NGS analysis of the tumour and one lymph node metastasis confirmed the aforementioned HRAS mutation. No PIK3CA mutations, but 2 mutations in the PIK3R1 gene (encoding for the regulatory subunit of PI3K) were found. Furthermore, 2 inactivating mutations in the tumour suppressor genes CDKN2A and TP53 were reported in the tumour and lymph mode metastasis (Table I). The patient died within 2 months due to pulmonal complications of metastatic disease.

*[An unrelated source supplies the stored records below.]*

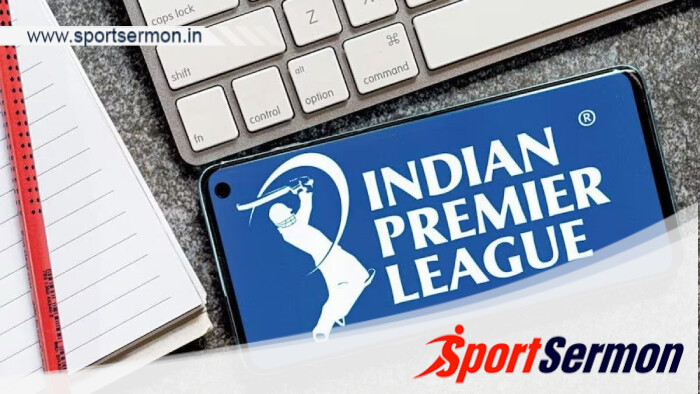 IPL Brand Value Crosses $10 Billion, Enters Decacorn Club  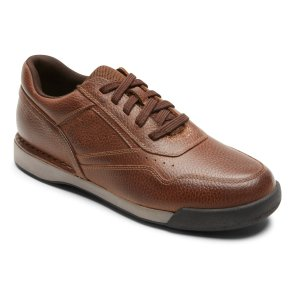Rockport Men's M7100 Prowalker Shoes | Rockport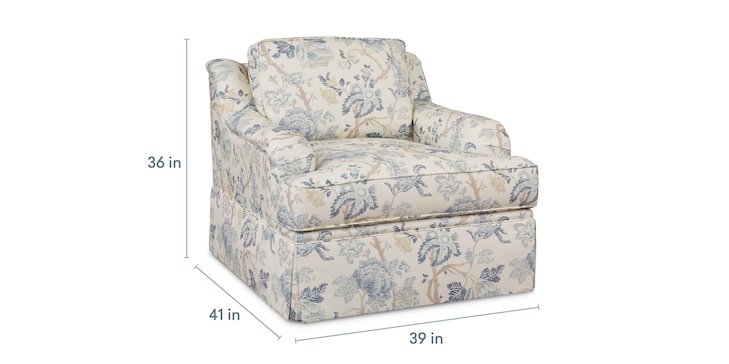 Chair image number 3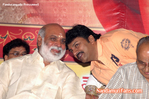 Filename=Pandurangadu-pressmeet-064.jpg
Filesize=114KiB
Dimensions=700x465
Date added=Apr 04, 2014 Pandurangadu-pressmeet-064.jpg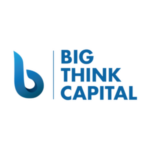 Big Think Capital Logo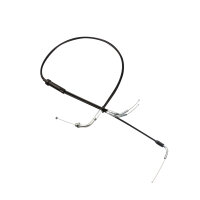 c&acirc;ble dacc&eacute;l&eacute;rateur set pour Suzuki...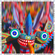 BEATS FROM BENEATH #161 // Boogaloo, Arguadiente y Luchaderos (The Latin Souls, Hugo Blanco, Fruko) image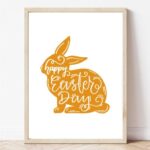 Besplatni veligdenski posteri za simnuvanje | Бесплатни велигденски постери за симнување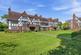 Monks Drive, West Acton, London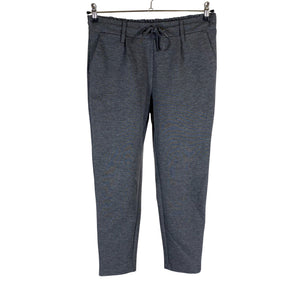 Unisex Soyaconcept - Trikotaažist püksid, suurus 38 - Hall (1)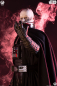Preview: Premium Collectibles Studio Darth Vader - Hyperreal 1/3 Scale Statue
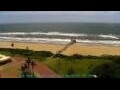 Webcam Durban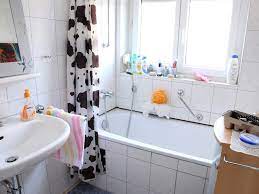 Wer sein bad renovieren will, muss mit modernisierungskosten von einigen wenigen hundert bis hin zu mehreren tausend euro rechnen. Das Bad Renovieren Modernisierung Fur Jedes Budget Bauen De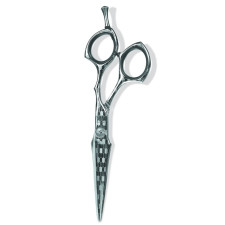 Ножницы прямые Artero Noe T47755 5,5″ класс 3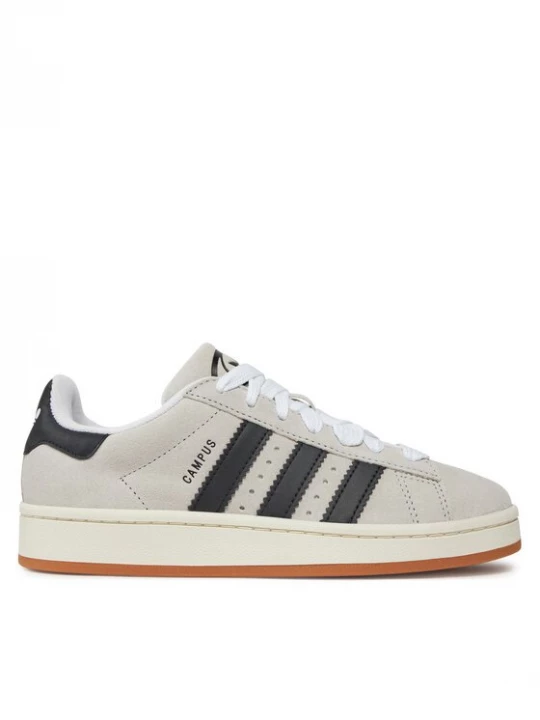 Obrázek produktu adidas Sneakersy Campus 00s W GY0042 Béžová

Groesser et al. (2) showed, in 2012, that several types of naevi (organoid sebaceous naevi, non-organoid keratinocytic epidermal naevi, congenital melanocytic naevi, and papular speckled lentiginous naevi) share a postzygotic activating mutation in RAS pathway in a multipotent ectodermal progenitor cell. Depending on the developmental stage and fate potential of the mutated cells, different tissue compartments and cell types (sebaceous, keratinocytic and/or melanocytic) can be affected. Of note, these mutations were detected in a mosaic setting in the naevi, but not in blood, buccal mucosa, uroepithelial cells or unaffected skin of these patients (2). In 2013, Groesser and colleagues conducted a study on patients with PPK where they used a SNaPshot multiplex assay for the detection of hotspot mutations of 3 genes: HRAS, PIK3CA and FGFR3. Only a mosaic HRAS mutation was detected in the SN in our patient, not in PIK3CA or FGFR3 genes (3). HRAS is an oncogene and the mutation found in 2013 could serve as an initiating event in multistep carcinogenesis. PIK3CA mutations occurred later in 2018 in the naevus, may have played a role in initiating the malignant evolvement of SN through an uncontrolled activation of the AKT/PI3K pathway. Like-wise, PIK3R1 found in the tumour and the metastasis can serve as an alternative pathway to the activation of the latter pathway.

SCC is rarely detected in sebaceous naevi. In 2 large retrospective studies from France and USA involving 1,303 patients with SN, trichoblastomas (n = 80) and syringocystadenomata papelliferi (n = 63) were the most frequently developed tumours (4, 5). By contrast, cases of SCC (n = 8) were quite rare.

A number of clinically defined epidermal naevus syndromes are described in the literature. The advent of NGS has changed the field by favouring genetically defined disease entities, because remarkable genomic overlap exists between the clinically defined epidermal naevus syndromes. PPK and SFMS are probably better considered as one disorder within the wide spectrum of different diseases called RASopathies (6), rather than different disease entities. Close and vigilant follow up should be recommended for all RASopathy patients, but adherence issues should be considered.